- Material for the task:
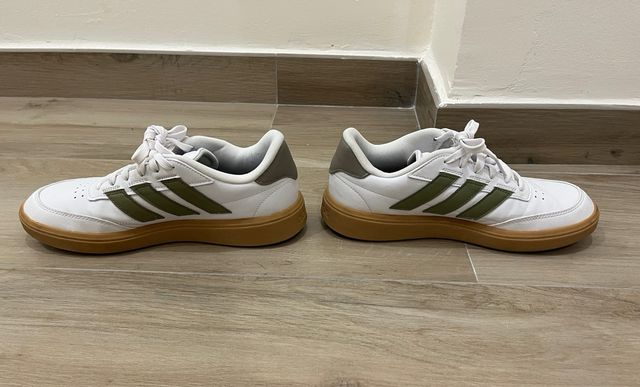 Zapatillas Adidas Courtblock Talla 41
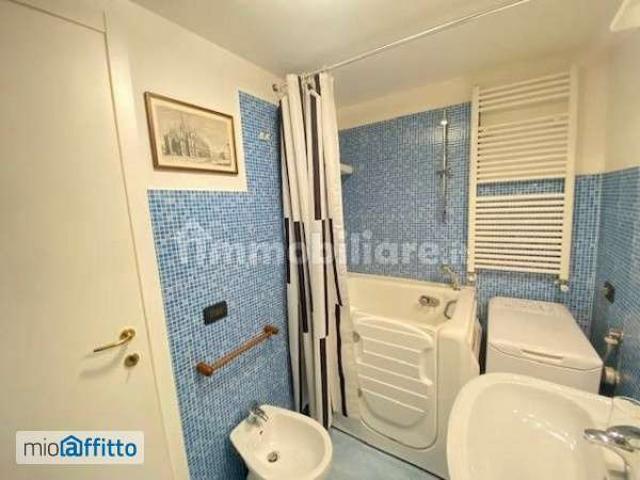 Appartamento in affitto a Levante, Serra Riccò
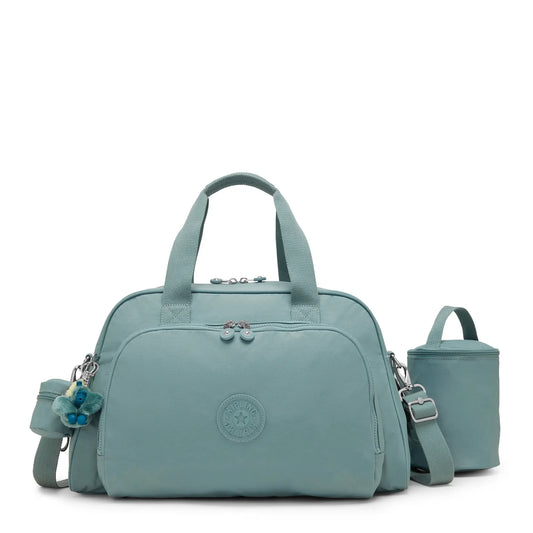 CAMAMA Tiny Green Air $941 mensuales a 6msi*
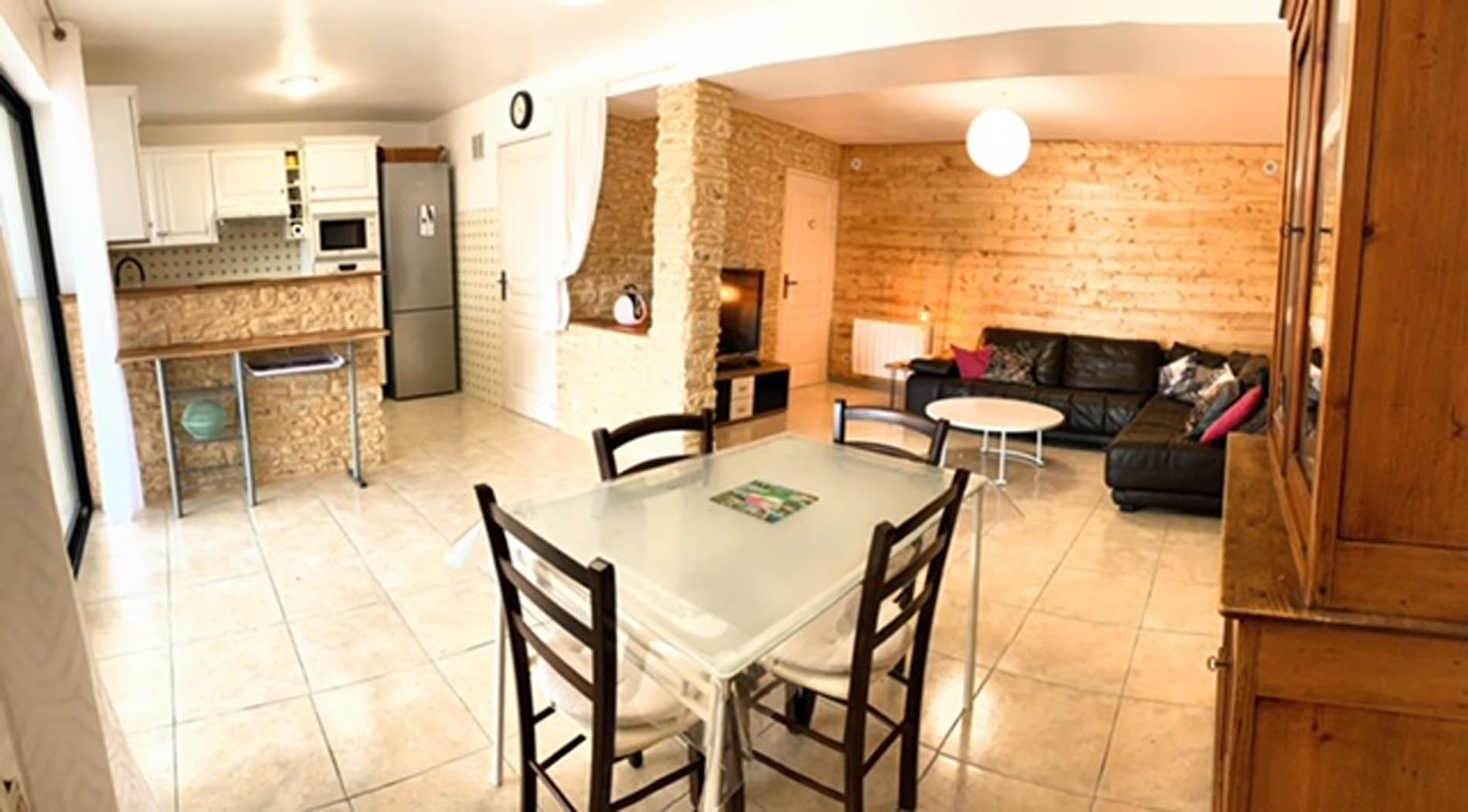 Gite Les Laurières, Marcillac-Saint-Quentin - photo 18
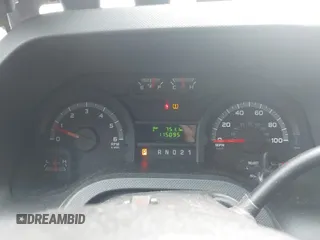 2011 Ford Econoline Passenger XL с VIN 1FBSS3BL2BDB39140, выставлен на аукционе IAAI как лот 42519630 с пробегом 115 095 миль миль и . История ставок и продаж доступна на DreamBid. Изображение 7.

- Exercise objective:
Give again exactly the lines from the one holding "CAMAMA Tiny Green Air $941 mensuales a 6msi*" to the final line of the records, both ends included; any pictures stay out.

- The answer:
 CAMAMA Tiny Green Air $941 mensuales a 6msi*
 Gite Les Laurières, Marcillac-Saint-Quentin - photo 18
 2011 Ford Econoline Passenger XL с VIN 1FBSS3BL2BDB39140, выставлен на аукционе IAAI как лот 42519630 с пробегом 115 095 миль миль и . История ставок и продаж доступна на DreamBid. Изображение 7.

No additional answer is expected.